Task statement:
The first line of the entries below, the line containing "2004 Toyota Rav4", and every line between them should be repeated exactly, and nothing else.
Data shown section start
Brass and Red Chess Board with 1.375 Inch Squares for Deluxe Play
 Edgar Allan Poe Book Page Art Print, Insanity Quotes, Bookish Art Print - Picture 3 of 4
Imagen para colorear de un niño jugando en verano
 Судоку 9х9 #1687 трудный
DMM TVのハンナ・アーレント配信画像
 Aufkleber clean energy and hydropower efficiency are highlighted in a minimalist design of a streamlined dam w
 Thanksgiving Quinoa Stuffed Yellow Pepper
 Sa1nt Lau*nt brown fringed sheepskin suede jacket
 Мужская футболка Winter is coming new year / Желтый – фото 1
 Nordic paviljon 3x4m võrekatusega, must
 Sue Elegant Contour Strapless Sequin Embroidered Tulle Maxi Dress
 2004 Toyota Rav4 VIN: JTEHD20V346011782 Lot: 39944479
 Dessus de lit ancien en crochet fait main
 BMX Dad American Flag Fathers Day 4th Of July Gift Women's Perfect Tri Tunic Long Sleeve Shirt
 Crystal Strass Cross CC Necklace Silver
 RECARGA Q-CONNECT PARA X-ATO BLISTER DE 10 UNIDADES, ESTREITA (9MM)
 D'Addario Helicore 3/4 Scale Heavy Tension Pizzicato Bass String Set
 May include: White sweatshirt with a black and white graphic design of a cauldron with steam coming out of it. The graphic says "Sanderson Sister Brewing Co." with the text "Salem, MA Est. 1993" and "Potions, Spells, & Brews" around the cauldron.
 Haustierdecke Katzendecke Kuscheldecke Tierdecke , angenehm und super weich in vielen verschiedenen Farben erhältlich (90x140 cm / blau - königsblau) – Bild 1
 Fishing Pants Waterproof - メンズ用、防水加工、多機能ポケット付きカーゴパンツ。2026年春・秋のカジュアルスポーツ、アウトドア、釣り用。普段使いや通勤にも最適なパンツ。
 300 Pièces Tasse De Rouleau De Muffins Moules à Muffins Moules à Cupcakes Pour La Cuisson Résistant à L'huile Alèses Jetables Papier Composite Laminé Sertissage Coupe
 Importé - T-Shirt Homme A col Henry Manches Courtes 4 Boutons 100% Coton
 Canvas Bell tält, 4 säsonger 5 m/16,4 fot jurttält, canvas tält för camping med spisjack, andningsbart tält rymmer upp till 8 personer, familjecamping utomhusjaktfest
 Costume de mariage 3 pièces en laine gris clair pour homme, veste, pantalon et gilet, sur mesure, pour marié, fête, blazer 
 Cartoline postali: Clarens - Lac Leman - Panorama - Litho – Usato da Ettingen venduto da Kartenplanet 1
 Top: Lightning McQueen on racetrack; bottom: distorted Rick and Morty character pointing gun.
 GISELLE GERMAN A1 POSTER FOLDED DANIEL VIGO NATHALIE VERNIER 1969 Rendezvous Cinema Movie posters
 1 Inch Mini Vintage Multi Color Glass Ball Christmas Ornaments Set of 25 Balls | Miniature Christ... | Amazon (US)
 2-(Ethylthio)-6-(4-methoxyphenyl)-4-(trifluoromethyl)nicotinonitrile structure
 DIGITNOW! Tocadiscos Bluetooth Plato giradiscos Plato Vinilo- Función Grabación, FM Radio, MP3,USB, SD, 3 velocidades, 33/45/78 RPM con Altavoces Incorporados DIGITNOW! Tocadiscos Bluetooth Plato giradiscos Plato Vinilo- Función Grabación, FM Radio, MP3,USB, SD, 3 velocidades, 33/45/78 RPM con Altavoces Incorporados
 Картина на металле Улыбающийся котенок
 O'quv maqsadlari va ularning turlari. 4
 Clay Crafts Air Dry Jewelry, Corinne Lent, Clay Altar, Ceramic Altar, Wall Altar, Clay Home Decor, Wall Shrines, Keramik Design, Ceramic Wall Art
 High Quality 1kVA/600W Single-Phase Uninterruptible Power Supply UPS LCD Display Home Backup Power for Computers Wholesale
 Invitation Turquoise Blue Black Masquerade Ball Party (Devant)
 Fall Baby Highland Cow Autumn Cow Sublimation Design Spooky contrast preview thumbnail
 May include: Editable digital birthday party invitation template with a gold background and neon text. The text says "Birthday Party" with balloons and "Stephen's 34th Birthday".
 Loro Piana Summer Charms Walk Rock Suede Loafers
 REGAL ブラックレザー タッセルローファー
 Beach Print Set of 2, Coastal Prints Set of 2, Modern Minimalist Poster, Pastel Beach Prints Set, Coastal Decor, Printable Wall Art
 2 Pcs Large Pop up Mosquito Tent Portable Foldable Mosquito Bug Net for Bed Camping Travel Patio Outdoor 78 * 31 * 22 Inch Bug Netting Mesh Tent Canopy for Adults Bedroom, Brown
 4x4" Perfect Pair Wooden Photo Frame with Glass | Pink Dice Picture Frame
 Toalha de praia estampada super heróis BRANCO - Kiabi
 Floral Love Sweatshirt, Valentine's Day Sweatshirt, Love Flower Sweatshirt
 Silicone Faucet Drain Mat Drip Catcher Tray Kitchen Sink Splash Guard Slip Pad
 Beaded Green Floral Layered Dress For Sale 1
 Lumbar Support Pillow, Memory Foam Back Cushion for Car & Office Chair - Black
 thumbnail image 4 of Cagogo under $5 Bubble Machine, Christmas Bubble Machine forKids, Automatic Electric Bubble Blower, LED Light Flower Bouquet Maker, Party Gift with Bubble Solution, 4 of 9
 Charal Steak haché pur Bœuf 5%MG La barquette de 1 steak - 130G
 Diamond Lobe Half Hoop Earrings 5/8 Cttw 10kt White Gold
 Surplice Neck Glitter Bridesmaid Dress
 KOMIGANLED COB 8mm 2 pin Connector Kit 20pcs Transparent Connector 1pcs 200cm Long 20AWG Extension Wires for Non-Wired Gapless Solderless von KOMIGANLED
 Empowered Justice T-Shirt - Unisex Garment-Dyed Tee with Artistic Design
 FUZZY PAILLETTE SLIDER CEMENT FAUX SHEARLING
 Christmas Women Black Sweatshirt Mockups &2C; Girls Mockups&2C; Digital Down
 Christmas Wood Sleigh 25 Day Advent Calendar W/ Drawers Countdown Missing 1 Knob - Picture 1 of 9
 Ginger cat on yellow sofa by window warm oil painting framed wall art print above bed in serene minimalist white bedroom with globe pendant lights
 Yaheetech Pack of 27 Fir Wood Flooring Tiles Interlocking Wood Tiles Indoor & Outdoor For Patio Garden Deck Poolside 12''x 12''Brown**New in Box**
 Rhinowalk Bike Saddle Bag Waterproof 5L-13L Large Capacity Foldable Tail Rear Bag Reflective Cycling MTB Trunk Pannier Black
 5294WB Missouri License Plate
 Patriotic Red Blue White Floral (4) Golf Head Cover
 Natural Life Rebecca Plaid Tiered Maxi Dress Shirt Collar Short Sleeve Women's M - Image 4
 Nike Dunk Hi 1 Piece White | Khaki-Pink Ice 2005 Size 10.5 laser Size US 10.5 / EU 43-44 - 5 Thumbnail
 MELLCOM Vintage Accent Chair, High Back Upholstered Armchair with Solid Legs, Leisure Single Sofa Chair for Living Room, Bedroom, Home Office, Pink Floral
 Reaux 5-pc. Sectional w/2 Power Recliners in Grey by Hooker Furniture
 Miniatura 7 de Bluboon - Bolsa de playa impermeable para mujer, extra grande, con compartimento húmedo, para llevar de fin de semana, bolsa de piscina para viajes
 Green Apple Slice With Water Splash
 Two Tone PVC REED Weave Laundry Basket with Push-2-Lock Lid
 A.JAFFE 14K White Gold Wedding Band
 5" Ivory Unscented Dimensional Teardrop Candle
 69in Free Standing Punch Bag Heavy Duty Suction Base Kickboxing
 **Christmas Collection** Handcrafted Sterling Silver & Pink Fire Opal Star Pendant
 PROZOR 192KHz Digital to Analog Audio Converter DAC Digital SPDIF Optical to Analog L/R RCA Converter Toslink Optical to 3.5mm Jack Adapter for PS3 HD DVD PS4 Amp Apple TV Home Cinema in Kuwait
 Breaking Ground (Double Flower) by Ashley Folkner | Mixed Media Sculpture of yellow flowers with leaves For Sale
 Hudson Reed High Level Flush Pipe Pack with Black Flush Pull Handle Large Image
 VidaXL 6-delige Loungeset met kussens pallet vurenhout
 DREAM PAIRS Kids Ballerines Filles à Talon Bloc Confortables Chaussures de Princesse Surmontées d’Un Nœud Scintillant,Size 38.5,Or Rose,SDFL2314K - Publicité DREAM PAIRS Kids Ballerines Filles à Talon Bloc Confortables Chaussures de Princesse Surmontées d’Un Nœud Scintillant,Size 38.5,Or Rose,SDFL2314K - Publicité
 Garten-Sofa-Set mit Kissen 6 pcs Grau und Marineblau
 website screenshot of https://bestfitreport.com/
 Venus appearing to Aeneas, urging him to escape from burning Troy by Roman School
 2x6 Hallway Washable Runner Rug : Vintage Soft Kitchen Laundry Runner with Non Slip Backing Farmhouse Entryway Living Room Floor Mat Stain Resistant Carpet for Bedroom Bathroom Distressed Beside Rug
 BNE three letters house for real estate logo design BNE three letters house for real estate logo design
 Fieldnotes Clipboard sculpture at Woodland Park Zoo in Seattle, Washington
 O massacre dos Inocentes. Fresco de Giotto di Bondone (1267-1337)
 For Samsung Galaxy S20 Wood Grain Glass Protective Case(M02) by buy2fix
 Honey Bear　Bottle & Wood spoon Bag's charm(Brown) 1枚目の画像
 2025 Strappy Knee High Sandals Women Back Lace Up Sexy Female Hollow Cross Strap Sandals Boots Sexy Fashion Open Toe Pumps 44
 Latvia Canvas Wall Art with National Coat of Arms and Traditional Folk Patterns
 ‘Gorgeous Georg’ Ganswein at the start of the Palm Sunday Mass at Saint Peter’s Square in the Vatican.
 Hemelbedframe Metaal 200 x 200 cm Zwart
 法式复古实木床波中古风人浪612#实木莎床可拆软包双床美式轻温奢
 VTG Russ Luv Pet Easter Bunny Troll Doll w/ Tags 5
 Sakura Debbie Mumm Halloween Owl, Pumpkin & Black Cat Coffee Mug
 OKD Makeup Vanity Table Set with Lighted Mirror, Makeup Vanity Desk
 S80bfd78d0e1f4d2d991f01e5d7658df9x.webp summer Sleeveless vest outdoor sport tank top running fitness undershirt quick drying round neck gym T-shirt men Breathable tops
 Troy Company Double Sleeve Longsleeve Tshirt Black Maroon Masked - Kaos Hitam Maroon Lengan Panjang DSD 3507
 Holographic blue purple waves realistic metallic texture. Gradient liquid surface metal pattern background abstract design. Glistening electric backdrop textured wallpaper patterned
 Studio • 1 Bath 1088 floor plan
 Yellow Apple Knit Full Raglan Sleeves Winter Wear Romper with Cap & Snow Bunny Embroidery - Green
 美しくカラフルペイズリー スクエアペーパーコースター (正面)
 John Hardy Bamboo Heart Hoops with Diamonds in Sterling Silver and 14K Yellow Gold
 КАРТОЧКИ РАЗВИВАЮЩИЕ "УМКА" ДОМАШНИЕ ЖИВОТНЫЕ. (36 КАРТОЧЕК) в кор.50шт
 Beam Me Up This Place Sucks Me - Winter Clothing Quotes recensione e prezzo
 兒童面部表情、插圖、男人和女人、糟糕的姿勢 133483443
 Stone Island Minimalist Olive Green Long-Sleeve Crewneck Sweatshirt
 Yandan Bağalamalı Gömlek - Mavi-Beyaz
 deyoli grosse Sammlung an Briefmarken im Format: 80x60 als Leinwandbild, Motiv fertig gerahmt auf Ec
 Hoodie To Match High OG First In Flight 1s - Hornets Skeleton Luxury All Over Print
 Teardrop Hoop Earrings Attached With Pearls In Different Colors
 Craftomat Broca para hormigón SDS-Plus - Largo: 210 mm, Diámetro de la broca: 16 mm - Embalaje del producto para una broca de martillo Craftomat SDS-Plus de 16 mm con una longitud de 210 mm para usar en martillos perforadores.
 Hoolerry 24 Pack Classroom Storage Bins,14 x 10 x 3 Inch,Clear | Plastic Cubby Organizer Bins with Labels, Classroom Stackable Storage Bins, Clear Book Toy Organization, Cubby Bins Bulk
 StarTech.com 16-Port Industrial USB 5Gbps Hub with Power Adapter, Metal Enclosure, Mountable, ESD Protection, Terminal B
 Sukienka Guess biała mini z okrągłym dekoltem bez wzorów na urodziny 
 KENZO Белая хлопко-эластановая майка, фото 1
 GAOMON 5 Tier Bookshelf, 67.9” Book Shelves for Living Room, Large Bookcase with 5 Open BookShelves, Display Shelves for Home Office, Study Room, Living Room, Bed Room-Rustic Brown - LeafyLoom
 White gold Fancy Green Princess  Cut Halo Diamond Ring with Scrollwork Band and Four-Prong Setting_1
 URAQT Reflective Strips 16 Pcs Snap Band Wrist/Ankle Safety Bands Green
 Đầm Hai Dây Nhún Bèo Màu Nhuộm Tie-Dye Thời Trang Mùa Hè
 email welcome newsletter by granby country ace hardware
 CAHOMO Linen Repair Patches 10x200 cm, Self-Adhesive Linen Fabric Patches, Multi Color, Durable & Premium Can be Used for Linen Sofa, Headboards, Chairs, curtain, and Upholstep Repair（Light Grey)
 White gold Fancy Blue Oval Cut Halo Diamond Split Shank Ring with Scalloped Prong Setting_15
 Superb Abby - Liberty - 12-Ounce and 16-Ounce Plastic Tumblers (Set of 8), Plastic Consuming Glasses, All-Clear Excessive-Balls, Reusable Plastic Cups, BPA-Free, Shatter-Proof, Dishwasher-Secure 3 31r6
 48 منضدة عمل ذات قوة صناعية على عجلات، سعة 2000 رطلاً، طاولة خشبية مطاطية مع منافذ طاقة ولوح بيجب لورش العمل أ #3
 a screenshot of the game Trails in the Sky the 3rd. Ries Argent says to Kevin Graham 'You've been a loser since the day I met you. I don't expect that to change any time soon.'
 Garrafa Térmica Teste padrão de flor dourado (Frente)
Data shown section end
Answer box:
Brass and Red Chess Board with 1.375 Inch Squares for Deluxe Play
 Edgar Allan Poe Book Page Art Print, Insanity Quotes, Bookish Art Print - Picture 3 of 4
Imagen para colorear de un niño jugando en verano
 Судоку 9х9 #1687 трудный
DMM TVのハンナ・アーレント配信画像
 Aufkleber clean energy and hydropower efficiency are highlighted in a minimalist design of a streamlined dam w
 Thanksgiving Quinoa Stuffed Yellow Pepper
 Sa1nt Lau*nt brown fringed sheepskin suede jacket
 Мужская футболка Winter is coming new year / Желтый – фото 1
 Nordic paviljon 3x4m võrekatusega, must
 Sue Elegant Contour Strapless Sequin Embroidered Tulle Maxi Dress
 2004 Toyota Rav4 VIN: JTEHD20V346011782 Lot: 39944479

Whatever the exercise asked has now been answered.